En el mundo real, el Protocolo SRP ha sido adoptado por una variedad de sistemas que requieren autenticación robusta sin comprometer las contraseñas de los usuarios. Ejemplos notables incluyen OpenSSL (a través de la extensión TLS-SRP), que permite la autenticación SRP en conexiones TLS/SSL, y el cliente de correo electrónico Thunderbird para la autenticación IMAP. También se ha utilizado en sistemas de autenticación para videojuegos, VPNs y otros servicios donde la seguridad de la contraseña es crítica y el entorno de red puede ser hostil. Su diseño lo hace particularmente adecuado para escenarios donde el servidor no puede ser completamente confiable para almacenar hashes de contraseñas de forma segura.

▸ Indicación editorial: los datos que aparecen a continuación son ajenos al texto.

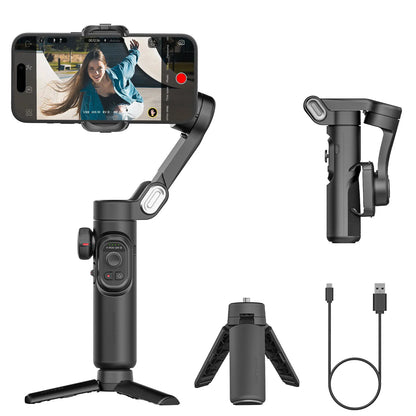 XE Smart Gimbal Stabilizer for Smartphones with Magnetic Fill Light and 3-Axis Foldable Design for Video Recording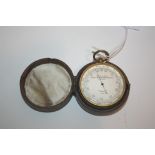 CASED POCKET BAROMETER by L Casella, Maker to the Admiralty & Ordnance London, with a silvered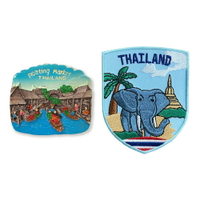 泰國 水上市場磁鐵磁力貼 +泰國 大象 貼布繡【2件組】伴手禮物 出國紀念磁鐵 回憶磁鐵 冰箱磁貼 造型磁鐵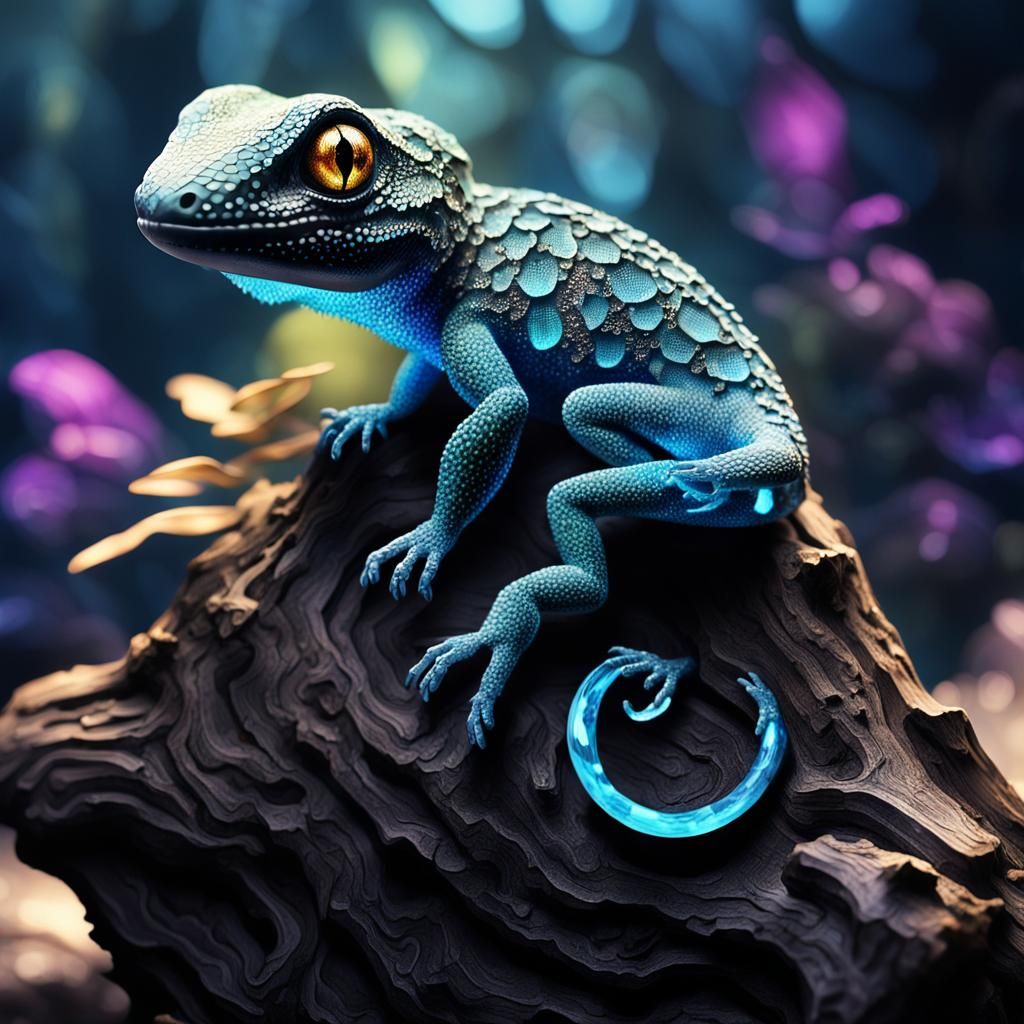 Bioluminescent Glass Gecko Sculpture in Fantasy Art Style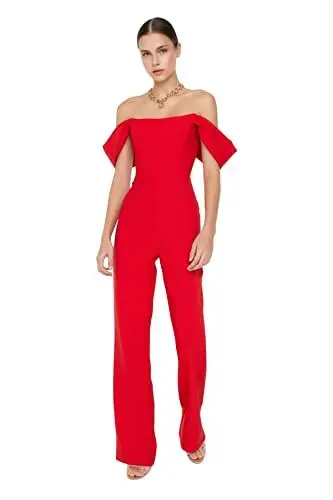 Produktbild: Trendyol Damen Einfarbig Gewebter Jumpsuit Overalls, rot, 66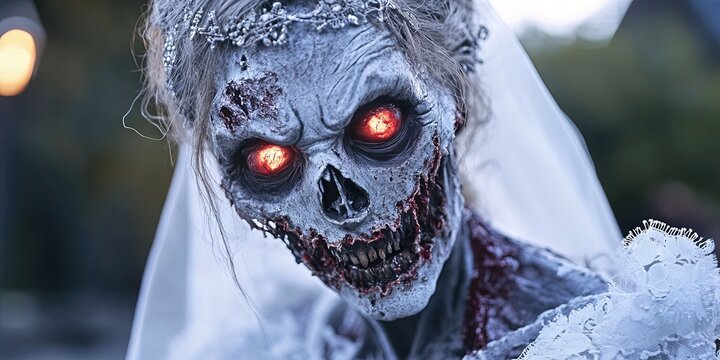 zombie bride - undead corpse in a wedding gown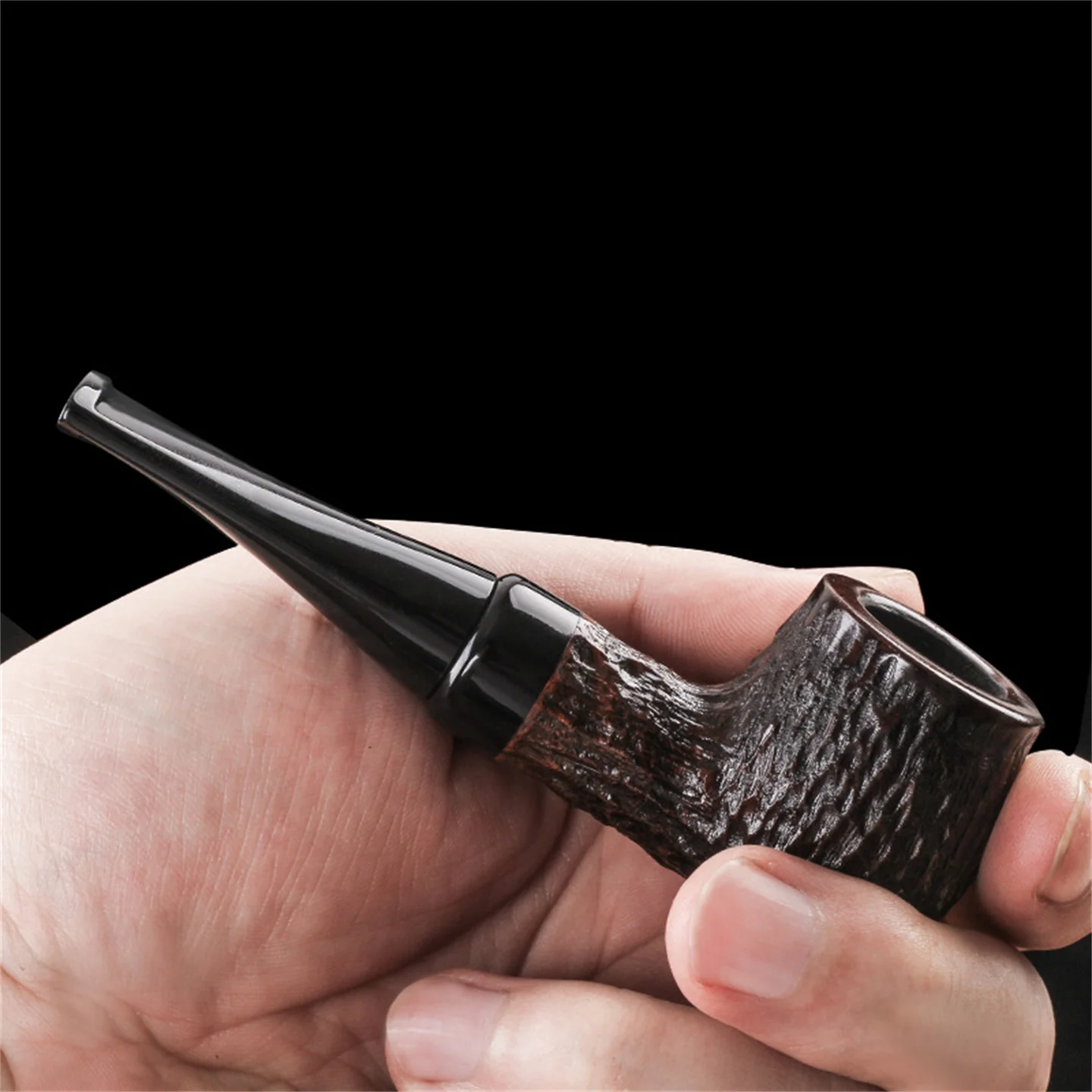 

Bruyere Wood Army Mount Pipe For Tobacco 9mm Filter Flue Retro Gentleman Bent Type Handle Handmade Smoking Pipe With Accessory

Para un arquitecto de sistemas, SRP es una herramienta valiosa para diseñar sistemas de autenticación con un perfil de seguridad elevado. Su principal ventaja es la mitigación del riesgo de compromiso de contraseñas en el servidor: incluso si la base de datos de usuarios es robada, los atacantes no obtendrán las contraseñas ni sus hashes que permitan ataques de diccionario offline directos. Esto reduce significativamente la superficie de ataque. Sin embargo, su implementación es más compleja que la de los esquemas de autenticación basados en hash tradicionales, requiriendo una comprensión profunda de la criptografía de grupos finitos. Los trade-offs incluyen la complejidad de la implementación y la necesidad de una gestión de 'salt' adecuada, pero el beneficio en términos de seguridad de la contraseña del usuario y resiliencia ante brechas de datos a menudo justifica la inversión para sistemas de alta seguridad.